Cansu'nun bana doğru koşmasıyla bizi fark ettiler. "Canımmmm nasıl özlemişim" diye sarıldı. Anında kulağıma eğildi.
"Behran her şeyi anlattı bu gece herşeyi konuşacağız Mizgin Rişvanoğlu"
Benden ayrılıp Bedirxan'a elini uzattı.
"Vee sende?"
Bedirxan elimi tutup diğer elini Cansu'ya uzattı. "Mizgin'in eşiyim ayrıca Behranın da abisi"
Sarp hiç el uzatmaya bile tenezzül etmeden baş selamı verdi. Sinirleneceğini biliyordum.
Behrana kaydı gözlerim.
Hiç bir şey olmamış gibiydik.
Sanki daha önce hiç karşılaşmamıştık ben sadece onun yengesiydim.
Keşke öyle olsaydık ama değildik.
Ve ben bu sırrı Bedirxan'a anlatmadığım her gün biraz daha batacaktım.
Bedirxan içki almaya gitmişti.
Behran alayla
"Abime daha söyleyememişsin aşk kuşu"
Sinirlenmiştim.
"Düzgün konuş benimle Behran. Nasıl söyleyebilirim böyle bir şeyi"
"Kusura bakma yenge düzgün konuşurum bundan sonra."
Sarpla cansu'yu umursamadan beni kenara çekmişti beni rahatsız eden yakınlığımız oldu.
"Beni bu kadar kolay mı sildin eşkamın"
İtmeye çalıştım ama itemedim "Kolumu bırak Behran.
"Her gün onunla sevişirken hiç mi aklına gelmedim ulan hiç mi"
Daha fazla çirkinleşmezdi. Gram çekilmiyordu üstümden o kadar itmeme rağmen.
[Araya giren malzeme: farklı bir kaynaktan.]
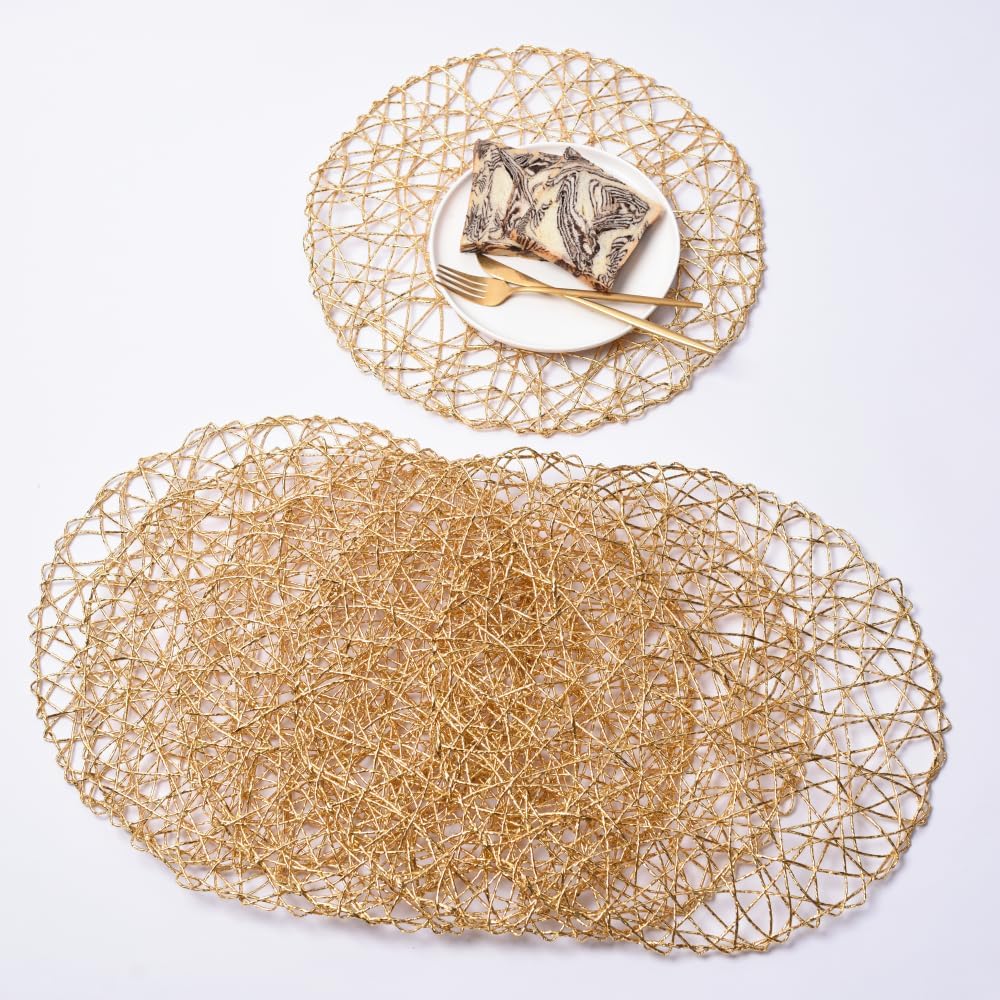 Inch Boho Round Woven Gold Placemats Shiny Place Mats - Set of 6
Bizim masaya doğru baktığımda Bedirxan'ın çoktan gelmiş olduğunu gördüm gözleriyle beni arıyordu.
Ve arkası dönük bir kadın vardı yanında.
Saçını savurmasıyla göz göze geldik.
Alev?
Hemen Behran'ı ittim
Bu gürültü de bile çok net duyacağım şekilde bağırdı.
"İşte orda Mizgin,Behranla birlikte"

Kocamın sinirli gözleri bize doğru dönerken bir an önce eve gitmek istedim.